AdaOja: Adaptive Learning Rates for Streaming PCA
This addresses the challenge of adaptive learning rates in streaming PCA for machine learning practitioners, though it is incremental as it builds on existing Oja's and Adagrad methods.
The paper tackles the problem of choosing learning rates for Oja's algorithm in streaming PCA by proposing AdaOja, a new adaptive scheme that outperforms common learning rate choices on synthetic and real-world data and performs comparably to state-of-the-art methods like History PCA and Streaming Power Method.
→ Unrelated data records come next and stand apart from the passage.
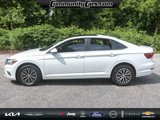 Used 2021 Volkswagen Jetta SE image 3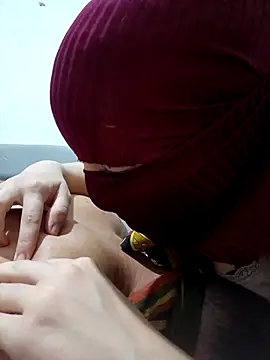 Snapshot of Ahalm chatting on October 29, 2025, 10:00 pm Ahalm online show from October 29, 2025, 10:00 pm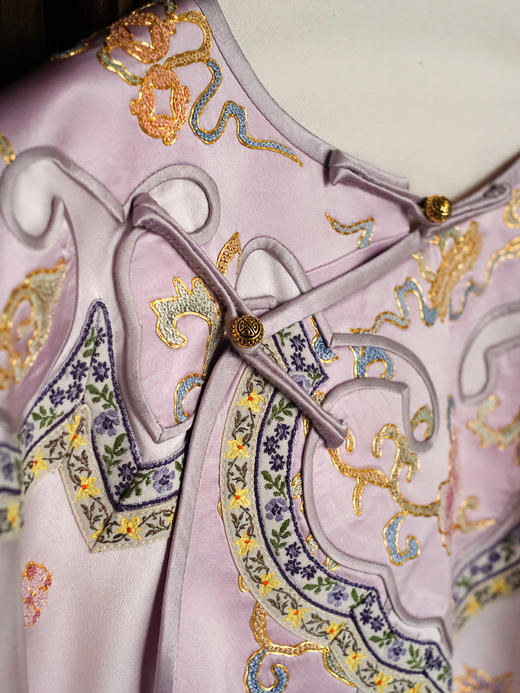 盛唐牡丹大师系列| 重工兰花刺绣斜襟外套 商品图1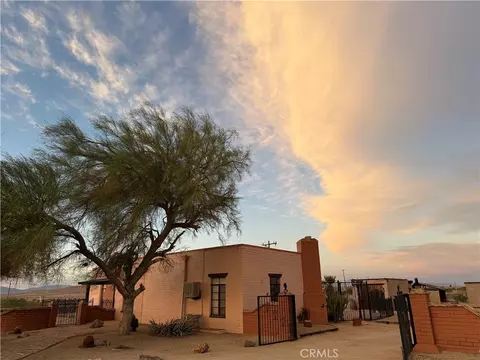Exterior - 6591 N Star, Twentynine Palms, CA 92277 photo 8 of 21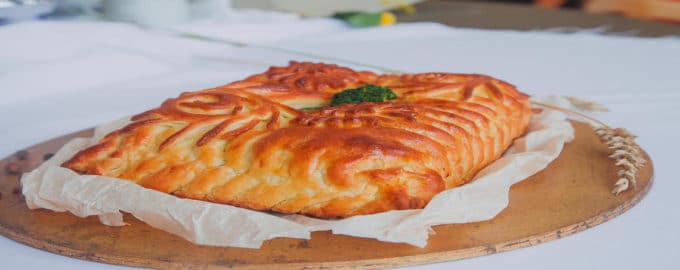 пирог из слоеного теста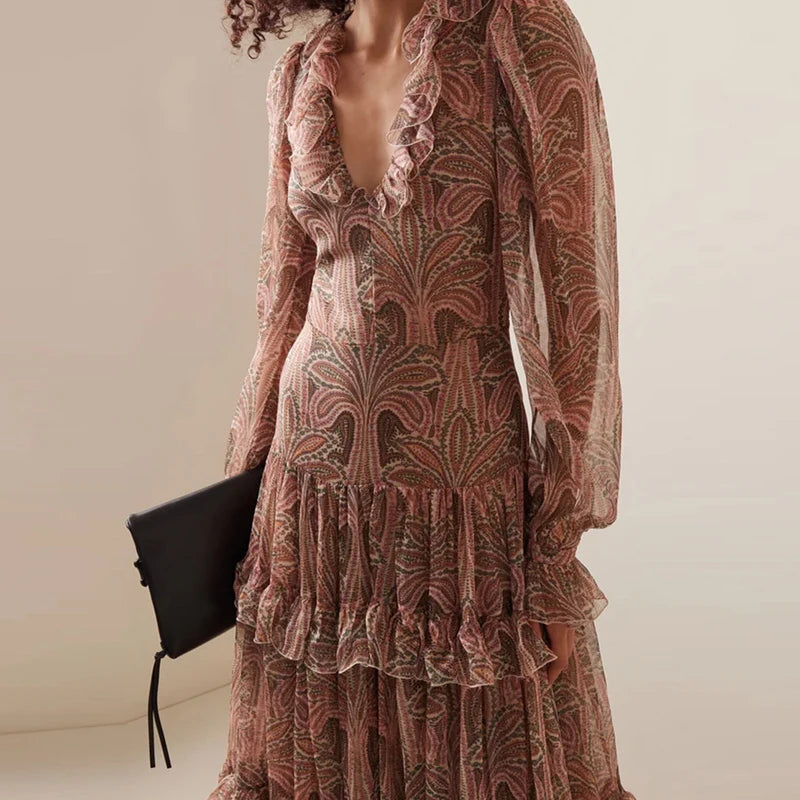 Terre Nomade – Maxikleid mit Volants & Paisley-Print in Zimtbraun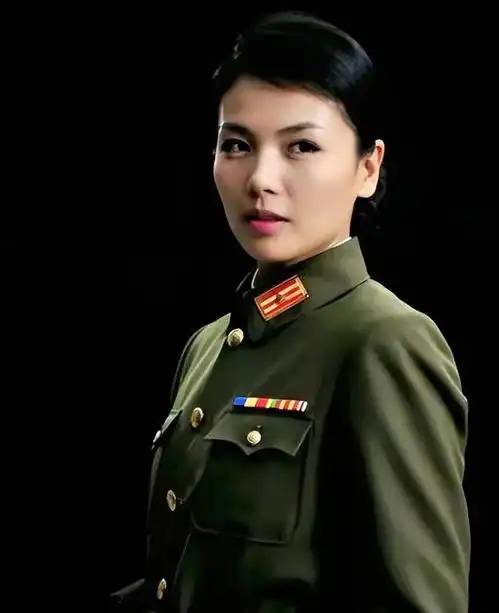 10个穿军装的女星baby许晴李小冉张馨予比有点花里胡哨了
Oja's algorithm has been the cornerstone of streaming methods in Principal Component Analysis (PCA) since it was first proposed in 1982. However, Oja's algorithm does not have a standardized choice of learning rate (step size) that both performs well in practice and truly conforms to the online streaming setting. In this paper, we propose a new learning rate scheme for Oja's method called AdaOja. This new algorithm requires only a single pass over the data and does not depend on knowing properties of the data set a priori. AdaOja is a novel variation of the Adagrad algorithm to Oja's algorithm in the single eigenvector case and extended to the multiple eigenvector case. We demonstrate for dense synthetic data, sparse real-world data and dense real-world data that AdaOja outperforms common learning rate choices for Oja's method. We also show that AdaOja performs comparably to state-of-the-art algorithms (History PCA and Streaming Power Method) in the same streaming PCA setting.